Des projets départagés par un jury indépendant
Pour garantir la transparence de son processus de sélection, l’ACF forme chaque année un jury indépendant de six membres provenant de six pays. En 2019, y figuraient Fatma Kilani, directrice de La Boîte, un espace d’art alternatif à Tunis, Nakhana Diakité Prats, consultante malienne en ingénierie culturelle, coordinatrice générale du Pavillon du Mali à l’expo 2020 Dubaï, le peintre contemporain Viyé Diba du Sénégal, le dramaturge rwandais et directeur de Rwanda Arts Initiative (RAI) Dorcy Rugamba, le Sud-Africain André Le Roux, directeur général de la Southern African Music Rights Organization (SAMRO) et Korkor Amarteifio, productrice musicale et directrice associée du l’Institute for Music and Development Accra (Ghana).
Les projets portent aussi bien sur des œuvres que des actions de formation et de structuration des filières artistiques. Dans les arts visuels, la styliste sénégalaise Selly Raby Kane va pouvoir produire Dakar Strange Tales. Du côté des arts vivants, le périple nommé East African Soul Train est porté par Charlotte Spowage, basée en Grande-Bretagne, qui veut partir en train en dialoguant avec les passagers. L’objectif : tirer un récit sur 1 200 km à partir de Dar es-Salaam en Tanzanie, pour en faire des spectacles joués à chaque étape. En Guinée, L’univers des mots va consister à faire des résidences d’écriture pour confronter les manuscrits à l’avis de dramaturges confirmés, le lauréat gagnant un prix et la possibilité de défendre son œuvre au festival d’Avignon.

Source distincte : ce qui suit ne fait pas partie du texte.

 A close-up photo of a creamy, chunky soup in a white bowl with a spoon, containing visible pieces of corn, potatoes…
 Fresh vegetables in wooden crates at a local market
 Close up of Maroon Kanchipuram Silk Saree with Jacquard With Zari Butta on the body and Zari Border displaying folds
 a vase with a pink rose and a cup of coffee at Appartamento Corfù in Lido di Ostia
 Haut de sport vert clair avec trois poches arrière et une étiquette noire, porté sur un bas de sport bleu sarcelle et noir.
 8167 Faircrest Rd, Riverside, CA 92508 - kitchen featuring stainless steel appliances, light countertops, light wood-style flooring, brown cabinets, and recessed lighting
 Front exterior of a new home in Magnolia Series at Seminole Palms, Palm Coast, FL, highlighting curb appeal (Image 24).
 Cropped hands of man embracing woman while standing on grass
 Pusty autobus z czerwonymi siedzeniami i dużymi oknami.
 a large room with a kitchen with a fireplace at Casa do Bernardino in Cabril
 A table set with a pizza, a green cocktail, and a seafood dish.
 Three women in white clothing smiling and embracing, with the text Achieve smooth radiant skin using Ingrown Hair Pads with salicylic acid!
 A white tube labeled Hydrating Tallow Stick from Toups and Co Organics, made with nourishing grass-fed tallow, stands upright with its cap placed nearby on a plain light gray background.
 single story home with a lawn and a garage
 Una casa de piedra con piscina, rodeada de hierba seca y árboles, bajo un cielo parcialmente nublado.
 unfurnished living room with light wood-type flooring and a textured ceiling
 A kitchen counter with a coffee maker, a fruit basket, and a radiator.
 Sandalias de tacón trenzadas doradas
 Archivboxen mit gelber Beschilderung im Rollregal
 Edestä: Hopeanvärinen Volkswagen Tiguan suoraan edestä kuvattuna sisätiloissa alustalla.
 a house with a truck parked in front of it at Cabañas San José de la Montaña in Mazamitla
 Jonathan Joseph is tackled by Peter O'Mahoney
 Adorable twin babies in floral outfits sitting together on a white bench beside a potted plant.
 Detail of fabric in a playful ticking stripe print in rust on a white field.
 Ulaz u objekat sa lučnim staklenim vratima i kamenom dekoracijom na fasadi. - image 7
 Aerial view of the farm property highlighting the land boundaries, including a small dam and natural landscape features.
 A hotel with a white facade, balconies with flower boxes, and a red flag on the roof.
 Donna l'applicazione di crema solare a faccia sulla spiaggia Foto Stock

« Au lieu d’avoir le regard de l’autre porté sur l’Afrique, avec des gens qui se retrouvent « montrés » comme des curiosités publiques, l’ACF se veut à l’écoute du souci qu’ont les Africains d’être représentés dans les arts, avec des projets qui partent de leurs propres ressentis, explique Mamou Daffé. Au lieu de mettre de l’argent sur les migrants, la guerre ou l’excision, il y aura des fonds pour raconter l’épopée de Soundiata Keïta, une sonate pour balafon proposée par l’Ivorien Jean Donatien Koné, une histoire sahélienne par excellence ». Les projets portés se situent par ailleurs dans des cadres transversaux, engageant plusieurs pays, comme le Togo, le Bénin et le Burkina Faso en Afrique de l’Ouest par exemple, avec Antigone et son avatar : Antigone ou la tragédie des corps dispersés, de la Compagnie Gakokoé/Ziticomania.